Every entry that follows must be written out exactly, apart from its pictures.

THE DATA Start Marker

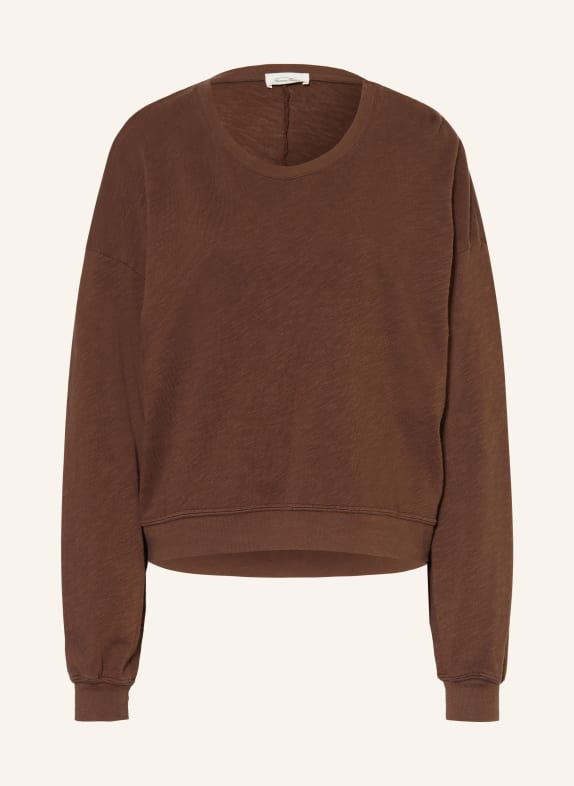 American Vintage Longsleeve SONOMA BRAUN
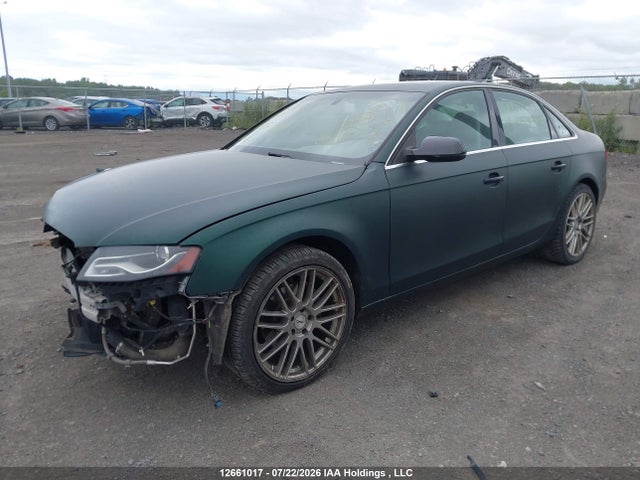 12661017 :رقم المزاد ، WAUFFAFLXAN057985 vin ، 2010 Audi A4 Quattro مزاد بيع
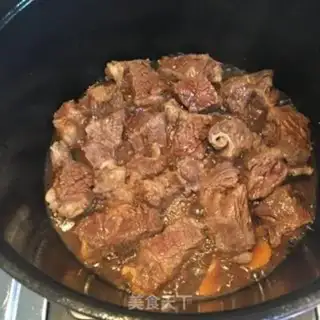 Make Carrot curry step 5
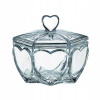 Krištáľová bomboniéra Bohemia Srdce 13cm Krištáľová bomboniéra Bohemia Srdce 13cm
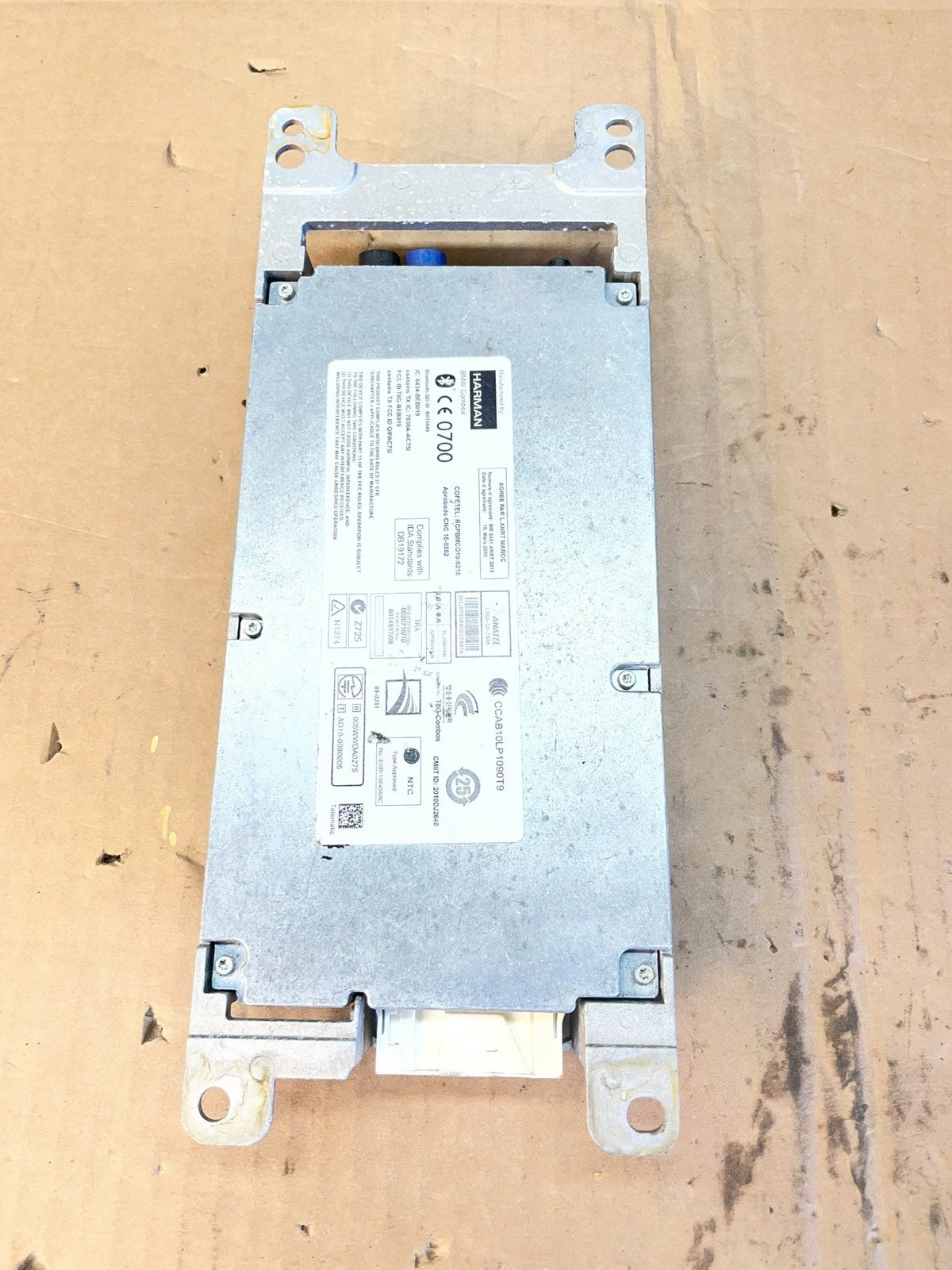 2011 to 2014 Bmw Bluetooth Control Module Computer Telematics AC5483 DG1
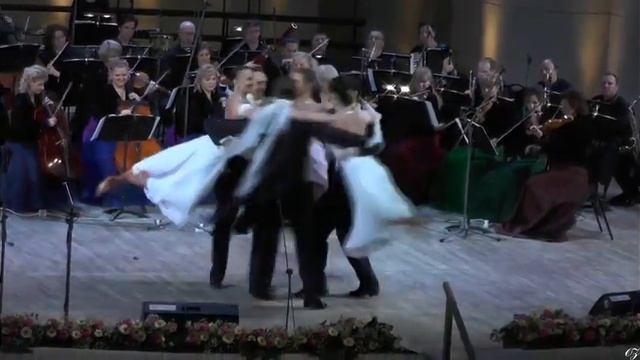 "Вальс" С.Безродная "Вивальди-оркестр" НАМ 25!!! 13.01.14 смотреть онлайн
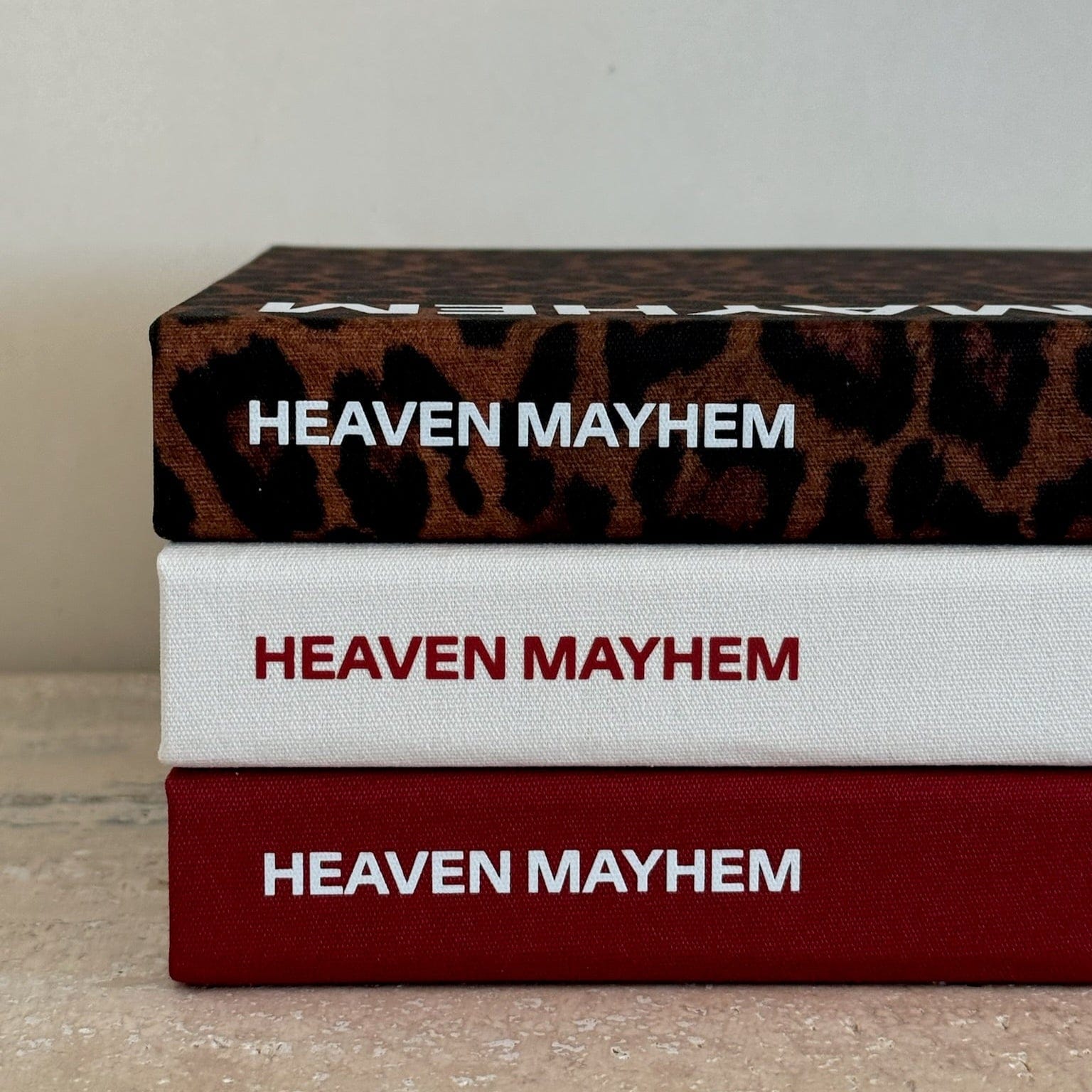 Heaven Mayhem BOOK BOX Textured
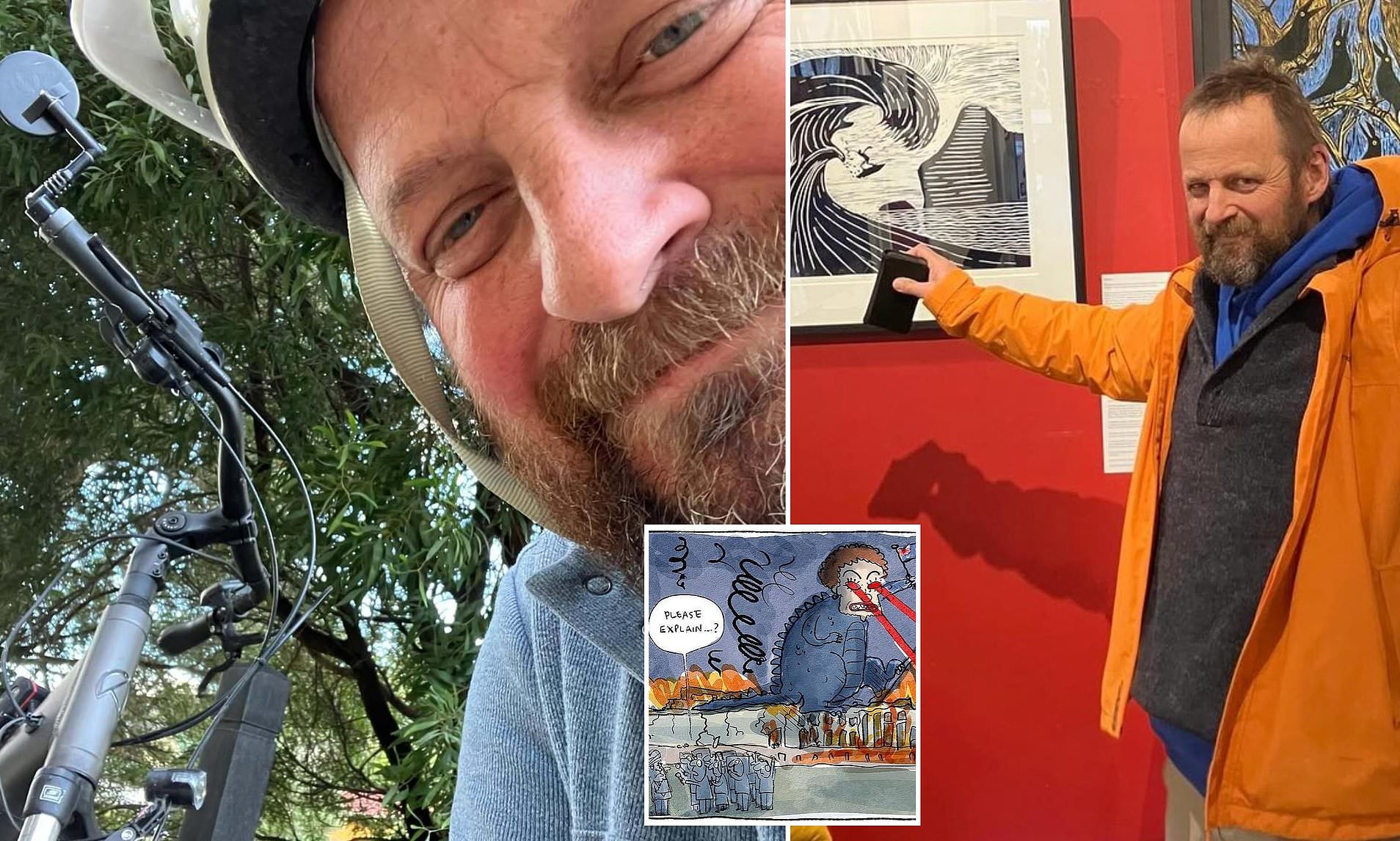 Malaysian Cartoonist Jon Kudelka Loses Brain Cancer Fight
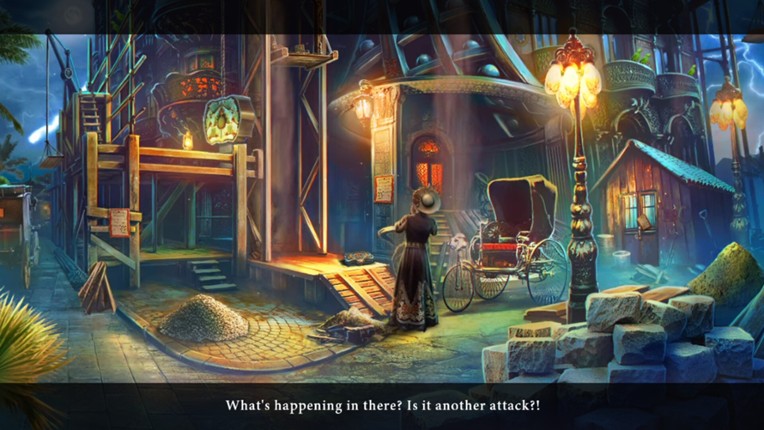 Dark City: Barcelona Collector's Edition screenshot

THE DATA End Marker

** REPLY **
 American Vintage Longsleeve SONOMA BRAUN
 12661017 :رقم المزاد ، WAUFFAFLXAN057985 vin ، 2010 Audi A4 Quattro مزاد بيع
 Make Carrot curry step 5
 Krištáľová bomboniéra Bohemia Srdce 13cm Krištáľová bomboniéra Bohemia Srdce 13cm
 2011 to 2014 Bmw Bluetooth Control Module Computer Telematics AC5483 DG1
 "Вальс" С.Безродная "Вивальди-оркестр" НАМ 25!!! 13.01.14 смотреть онлайн
 Heaven Mayhem BOOK BOX Textured
 Malaysian Cartoonist Jon Kudelka Loses Brain Cancer Fight
 Dark City: Barcelona Collector's Edition screenshot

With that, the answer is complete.